脱衣所内部は籠と洗面台で構成されており、洗面台に額縁に入った温泉分析表が掲示されています。無論宿泊施設なのでドライヤーやヘアトニック等は置いてあるのですが、ブラシや綿棒などの備品はありませんでした。またベビーベットもないのですが、ベンチが設置されていますので、いざとなれば何とかなります。コンパクトな脱衣所ですが、側面に窓がある為に明るく、閉塞感はありません。
温泉分析表は残念ながら17年前のH16分析のものが掲示されており、温泉の利用状況も掲示されていません。温泉宿としてはそのあたりを掲示して頂きたいものです。
浴場内部は洗い場と1つの湯船、昔打たせ湯があったであろう形跡で構成されており、至ってシンプル。年季が入っていますが、綺麗に管理されています。温泉の泉質が放射能泉なので、狭い浴場でラドンを取り入れやすくする造りであることは明白ではありますが、一般客にそれが伝わらないと「残念な施設」と思われてしまいそうです。放射能泉の特徴を説明する張り紙があれば良いだろうに・・・。
洗い場は仕切りが無く、鏡とシャワーは設置されていますが照明は各席に1つあるというわけではありません。シャワーは押しボタン式ではなく、己で調整するタイプとなっていますので、お湯は大事に使いましょう。
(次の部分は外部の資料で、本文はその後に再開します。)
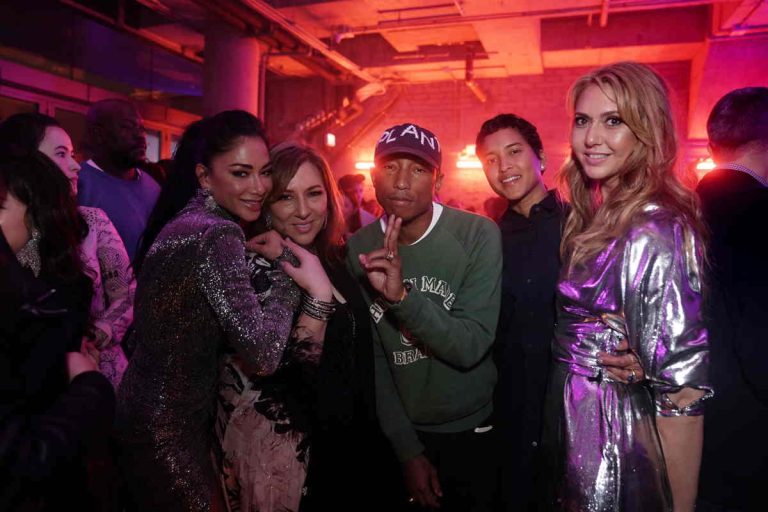 Pharrell Williams, Heidi Klum Celebrate Lorraine Schwartz At Art Basel Hong Kong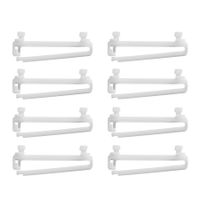 24 Stk. IKEA TRÖSTA Gleiter für Schlaufengardine Vorhang neu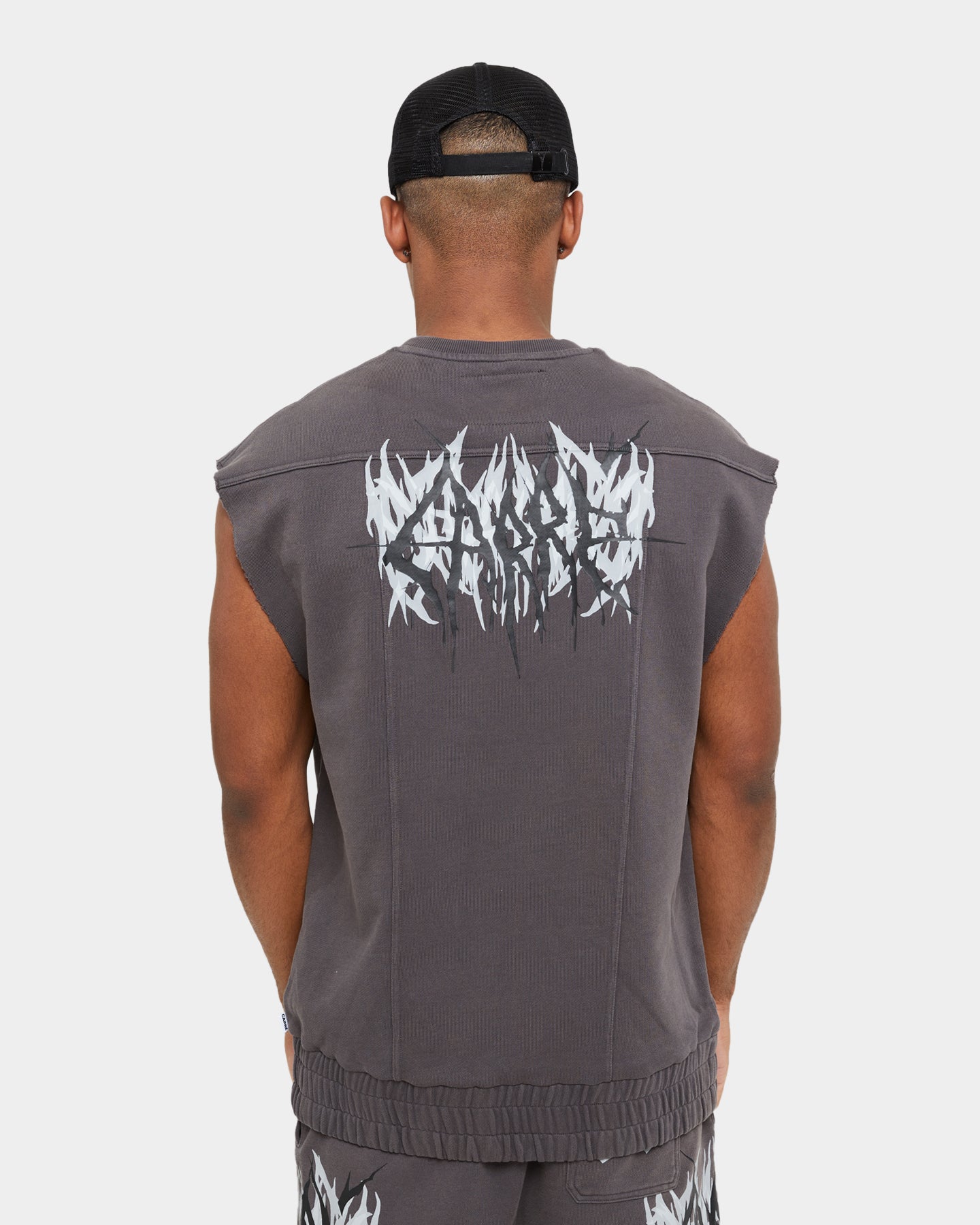 Carre Metalle Muscle Crewneck Washed Grey、mySite、zt4zffjzw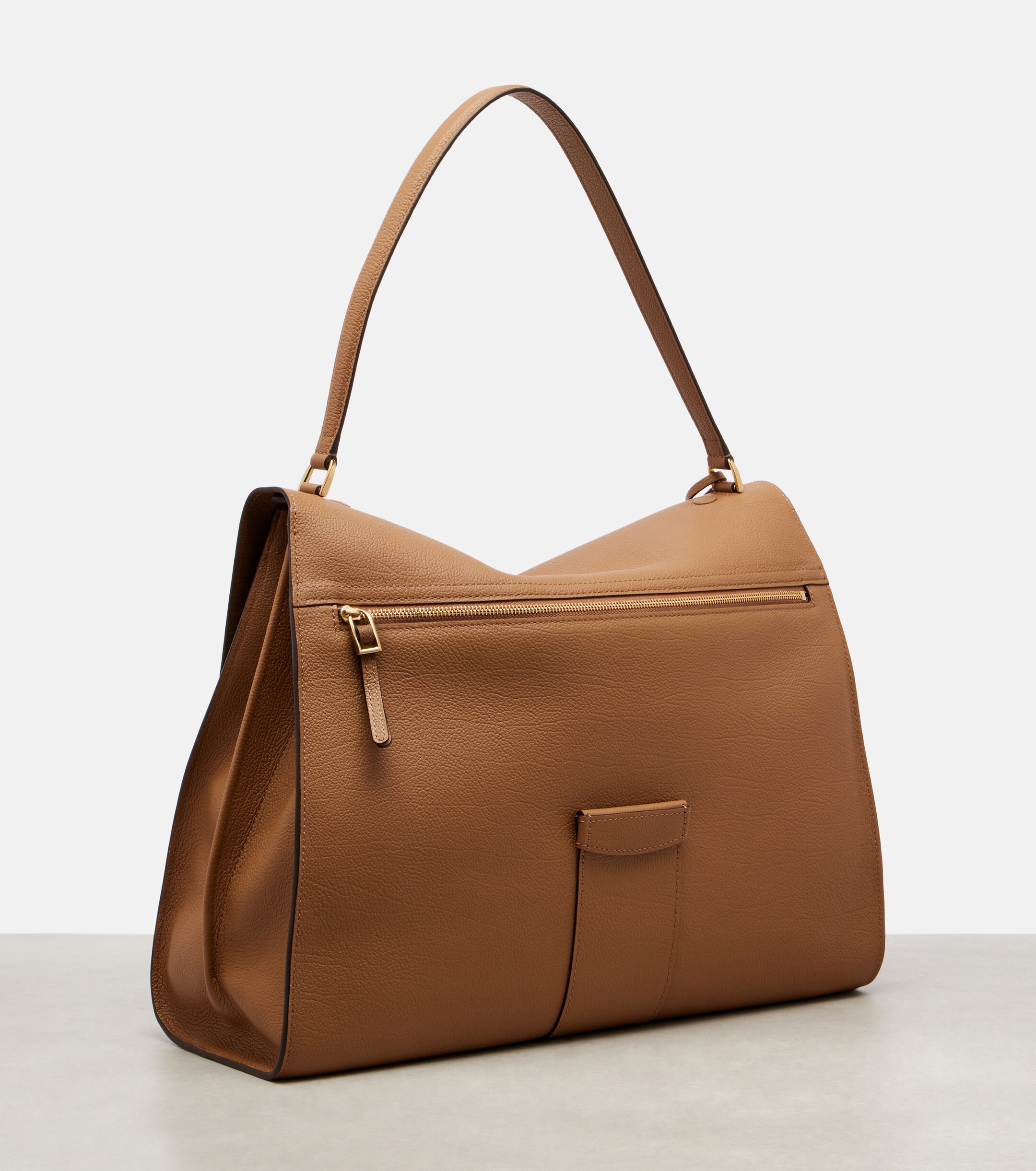 Delvaux Brillant Large leather shoulder bag thumbnail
まぁ宿なのでさすがに古いながらも綺麗に管理されています。そそくさと体を洗い、唯一の湯船に浸かります。
内湯は10人程で満員御礼のサイズとなっており、横から少量のお湯が廃棄されています。また後付け感のあるジェットバスの装置が付けられており、窓際は流れがあります。
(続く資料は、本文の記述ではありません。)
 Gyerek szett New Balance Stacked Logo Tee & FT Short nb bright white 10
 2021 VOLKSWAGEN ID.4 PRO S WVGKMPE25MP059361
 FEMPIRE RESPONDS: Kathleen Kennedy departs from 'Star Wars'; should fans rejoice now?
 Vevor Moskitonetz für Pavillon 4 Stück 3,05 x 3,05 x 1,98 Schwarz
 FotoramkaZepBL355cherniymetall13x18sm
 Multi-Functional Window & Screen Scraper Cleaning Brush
湯船の湯温は40.5℃程で無色透明、単純弱放射能泉なので見た目は特徴はありませんが、鉱石臭と塩素臭が感じられるお湯です。貸し切り状態の中、ゆっくり浸からさせていただきますが、側面の窓ガラスは摺りガラスとなっており、景色はなく採光のみに活用されています。立地的に他の施設や道路から見えてしまう為かもしれませんが、ちょっと寂しいですね。でもその分お湯に集中できます。
お湯の利用状況は残念ながらどこにも記載されていません。思うに一部放流循環濾過・加熱・塩素消毒は判りますが加水については判りませんでした。ただラドンは間違えなく存在しており、私の体はRn37相当の湯あたりを起こして、体が暫く汗を出しているような状況でした。
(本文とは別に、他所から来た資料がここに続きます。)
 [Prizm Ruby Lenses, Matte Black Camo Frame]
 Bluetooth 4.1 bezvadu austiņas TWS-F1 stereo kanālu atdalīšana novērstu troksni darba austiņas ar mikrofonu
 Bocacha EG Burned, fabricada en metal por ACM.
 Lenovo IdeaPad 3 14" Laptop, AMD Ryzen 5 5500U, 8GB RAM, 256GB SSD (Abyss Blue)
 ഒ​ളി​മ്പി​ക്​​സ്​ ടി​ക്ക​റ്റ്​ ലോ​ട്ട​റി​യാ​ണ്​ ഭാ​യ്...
いやそれにしても温泉分析表は古い上に泉質は「中純弱放射能温泉」などと書かれており、中純ってなんなのさ・・・などとツッコミどころは満載です。温泉宿としては温泉の知識が無いのでは?と思える状況です。30分程一人でゆったり浸かり、浴場を後にしました。
休憩エリアは女子脱衣所前にベンチが2つほど設置されているのですが、設置場所的に男がいると気まずい位置なので施設のロビーの様なスペースで少し休憩させて頂きました。
湯上り感はポカポカ感を超えて熱い感覚が30分程残り、しっかり放射能泉らしい感覚が得られましたが、単純弱放射能温泉なのでそこまで強い訳ではありません。
立地を活かした温泉施設ですが、個人的にはロープウェイ駅近くながらその利点を活かしきっていないように思えて仕方ありません。また温泉の情報をもう少し頭に入れて頂いて、アピールするだけでも変わるように思えます。さらに地元のお土産や特産品をもう少し売り込んでも良いかな〜と思えます。ダメ出しが多くなってしまいましたが、末永く頑張って頂きたい施設です。